Ma questo non scoraggia l’Antimafia, che continua a cercare di ricostruire il filo che lega l’imprenditore colluso al nocciolo del clan Zagaria, che oggi potrebbe contare anche sul ritorno in libertà di alcuni familiari storici di Capastorta. Carmine, Pasquale, Antonio ed Elvira Zagaria sono tornati in provincia di Caserta (la speranza, naturalmente, è che abbiano davvero reciso ogni legame con le logiche mafiose). Se la cosca originaria di Casapesenna continua a mantenere un profilo basso – anche se il recente ritrovamento di una mitraglietta in uno degli ex covi del boss Michele Zagaria lascia presagire che, all’occorrenza, anche lei, magari coinvolgendo manovalanza straniera (albanesi), sia pronta a farsi sentire – c’è invece chi, ultimamente, ha imboccato apertamente una strada diversa, fatta di stese, pestaggi e agguati, proiettandosi verso le dinamiche napoletane.
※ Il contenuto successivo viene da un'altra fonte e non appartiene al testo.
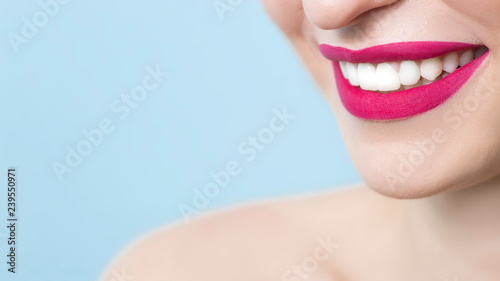 Close-up of a smiling woman with healthy white teeth, red matte lipstick, on a blue background. Dentistry concept. Copy space. 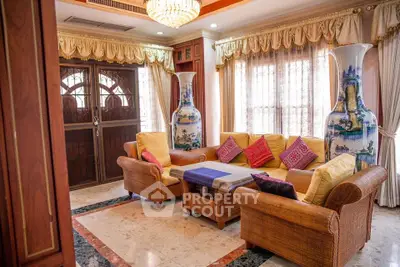 Luxurious living room with elegant decor and large vases, perfect for relaxation.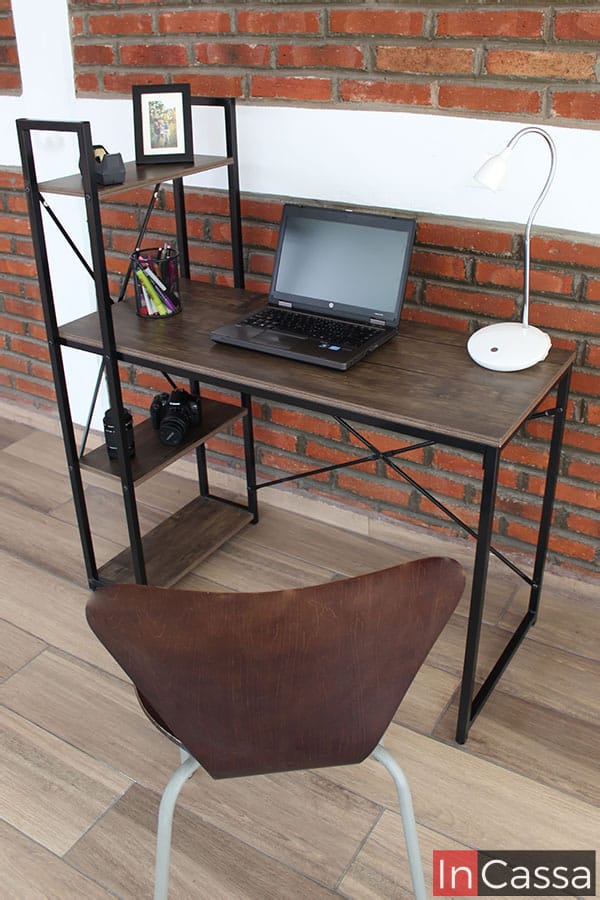 Observamos una toma superior del escritorio, en la que podemos ver de mejor manera la longitud de la cubierta y repisas de MDF, las cuales presentan un acabado laqueado, mientras que la base metálica que las sostiene esta construida por ligeras barras de color negro.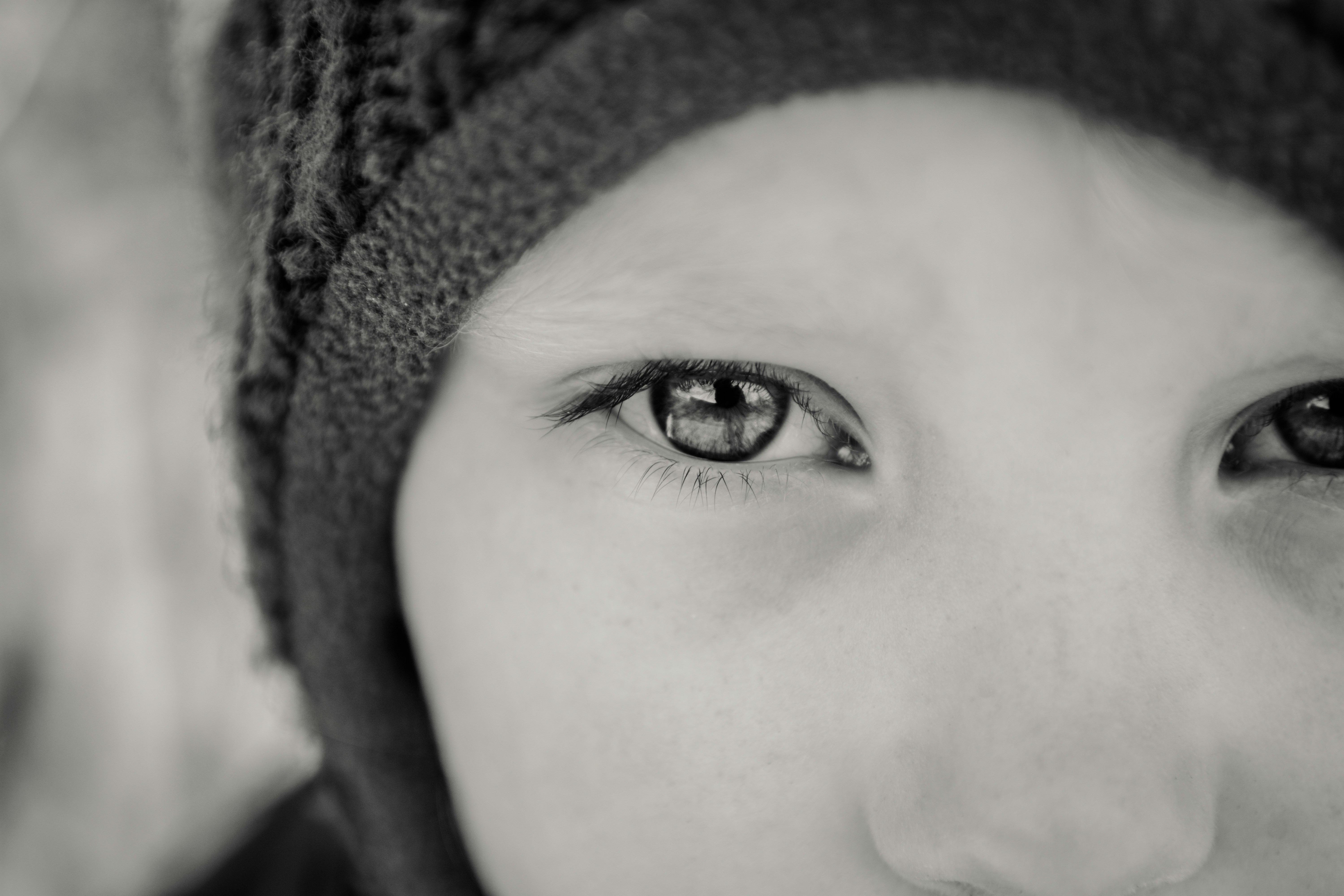 grayscale photography of person wearing knit cap
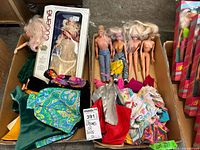 Two boxes with multiple dolls including a Madame Eugene doll in box, loose Barbie dolls, and piles of doll clothing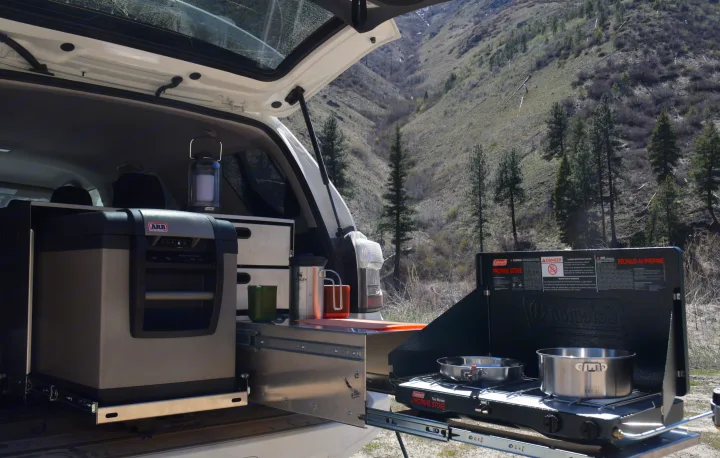 RV rental ready: vehicle's pull-out kitchen with ARB fridge, Coleman propane stove, and camping gear for outdoor cooking.. Toyota 4Runner 2021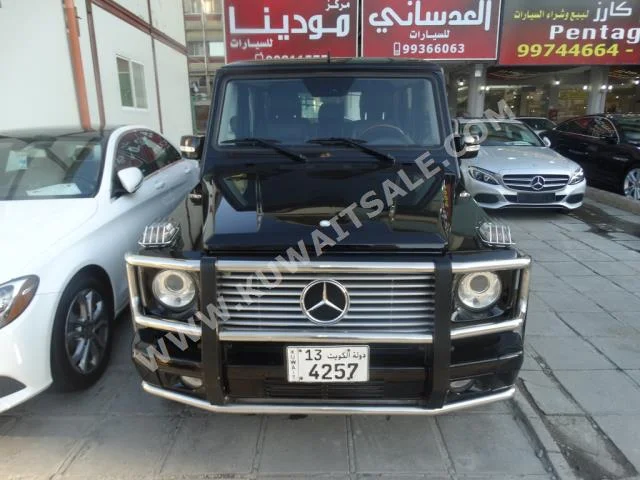 Mercedes-Benz  55 AMG  G-Class  2008  100,000  SUV  Automatic  8  Leather  4WD  Black  Gasoline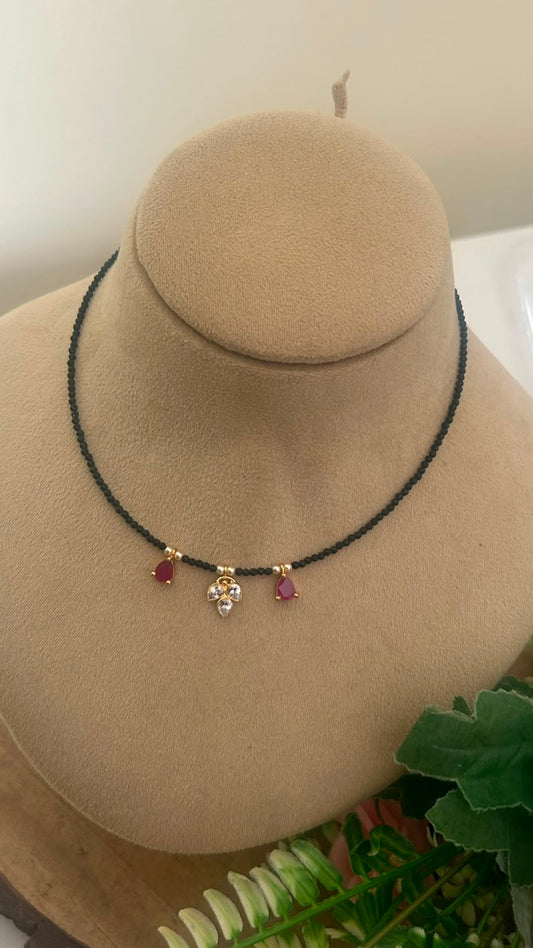 Black Beads Ruby & polki Pendant Invisible Chain Necklace | 14–15 Inches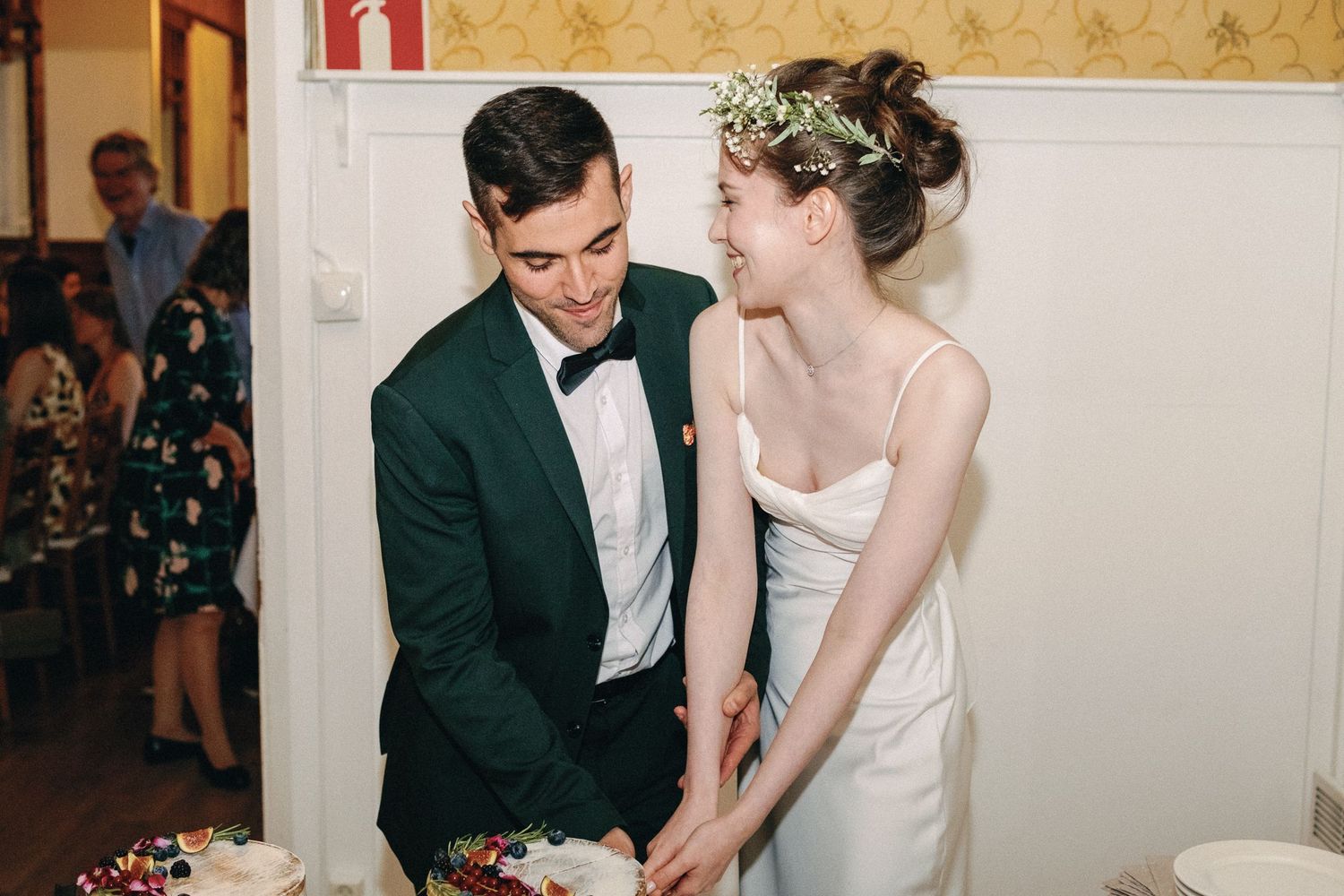 Couple cutting their wedding cake together at an elegant indoor reception.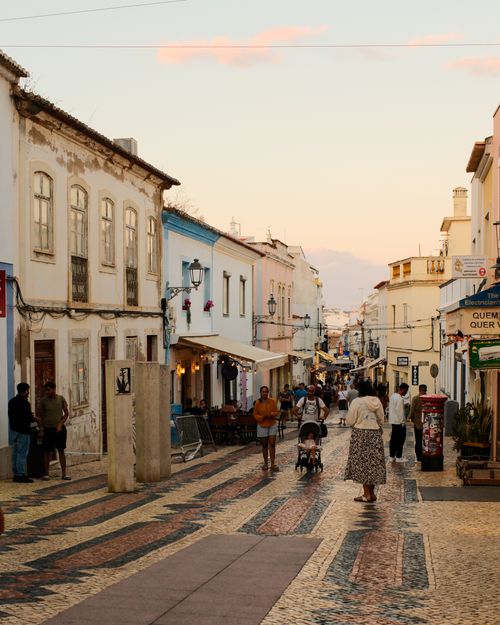 Free Explore the evening charm of Lagos, Portugal's cobblestone streets and pastel buildings during golden hour. Stock Photo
Uno scenario alimentato dalle scarcerazioni di soggetti che hanno scelto la via della violenza palese per riappropriarsi del potere criminale. Ci si riferisce soprattutto a Emanuele Libero Schiavone, figlio di Sandokan, che, appena tornato in libertà dopo undici anni di carcere, aveva ingaggiato uno scontro armato con un’ala del gruppo Bidognetti per conquistare il controllo del mercato della droga (il giovane, lo scorso anno, è stato nuovamente arrestato e riportato in cella). Ma, in linea di massima, l’organizzazione mafiosa con base nell’Agro aversano continua ad agire in silenzio, con la consueta strategia dell’infiltrazione, del controllo economico e dell’espansione sotto traccia.